Well, trends scare me. They always feel like moving targets. At the same time, I’d already written some 14 books by the time my first came out and so now I’ve got a back log of twenty-four books or so and sometimes it’s tempting to choose one of them to come out next if the horror-verse seems to be leaning its way. I guess my advice would be this: you think you have “your” voice and there are voices you believe are more elastic, more far-out, than your own. You can equate this to music. And a young musician might think, could never be as expansive as David Bowie, as St. Vincent, so I’m not going to try. But the thing is, you’re not David Bowie (and thank God for that! David Bowie is David Bowie, you are you), so if you try to stretch like he did, you’re going to end up with a different result, but you will still have stretched. Am I making sense here? What I mean to say is: go for the idea that feels a little outside your idea of yourself, and once you do it? Then that book is now part of your style, your voice, yourself. And if you do this enough times, you’ll end up closer to the artist you want to be than if you never make a move to stretch at all.

Finally, because inquiring minds always want to know, tell us about your writing habit. Any charms or talismans hanging around your writing space? Any rituals you do to get you into the creative headspace? Or can you just sit down anywhere, anytime, and write?
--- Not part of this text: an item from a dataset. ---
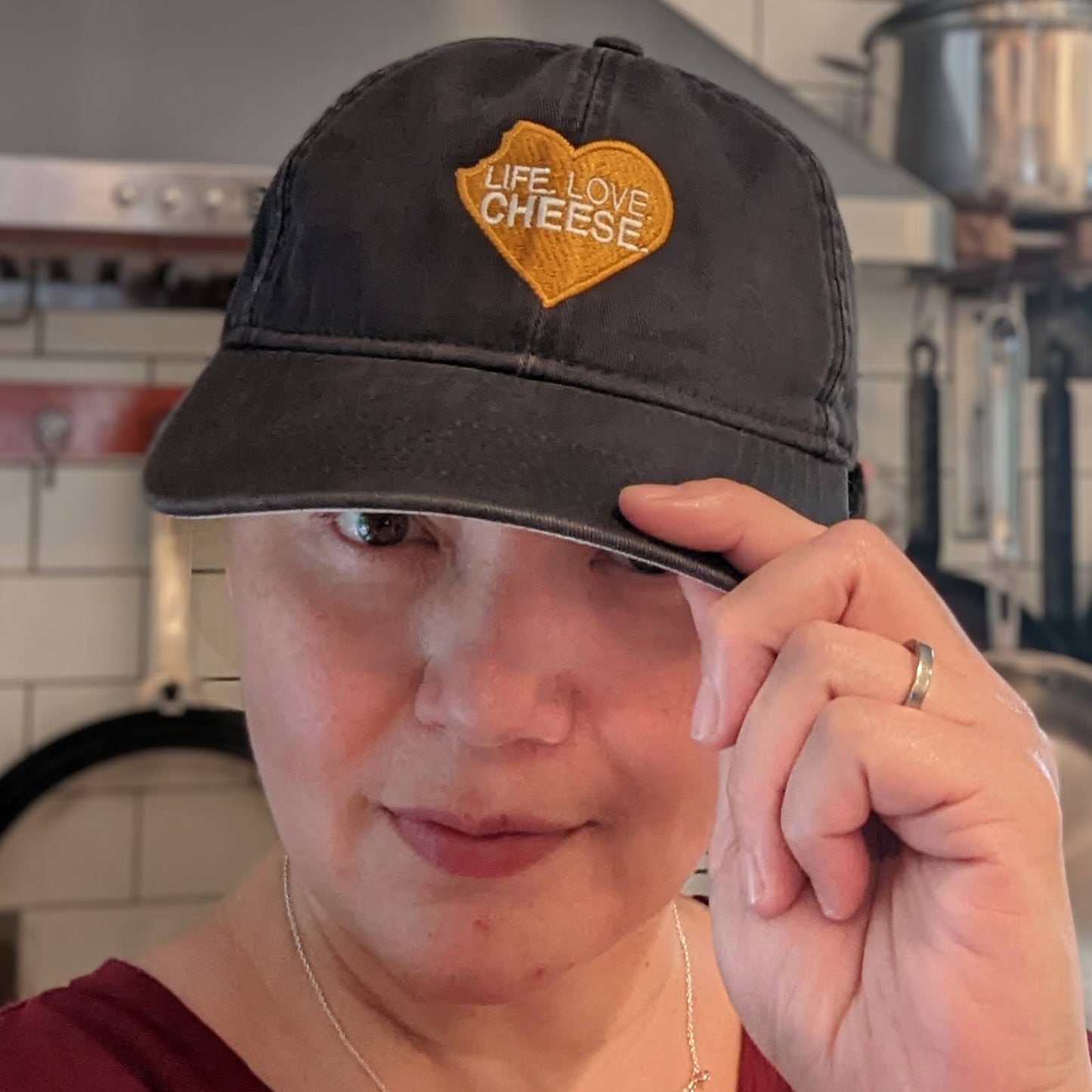 Merch: Life Love Cheese Heart Hat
It used to be I wrote novels in a bus, in a van, touring America. I wrote in bars, restaurants, people’s homes that were housing us. Dad’s basement and all-night coffee shops. Everywhere. These days I’m mostly in my office, with a horror movie soundtrack playing on the record player. But I’m still game for doing it anywhere, and maybe I should. Maybe your question will prompt me to write another one freehand. I love doing it that way. One thing I’ve noticed is this: while there isn’t an overall routine to how I write books, a routine does exist for each book in and of itself. Bird Box was written from around 8AM to 11:30AM every day, about 4,300 words a day. Ghoul n’ the Cape was usually in the afternoon, 1000 words a day. So those experiences were totally different, but consistent in and of themselves. And there is one weird thing I do (that I can’t believe I’m telling you): I wink at the page or the screen when I think I nailed a scary scene. Yep. I actually wink at the book like, “Yeah, we did it. We did it.”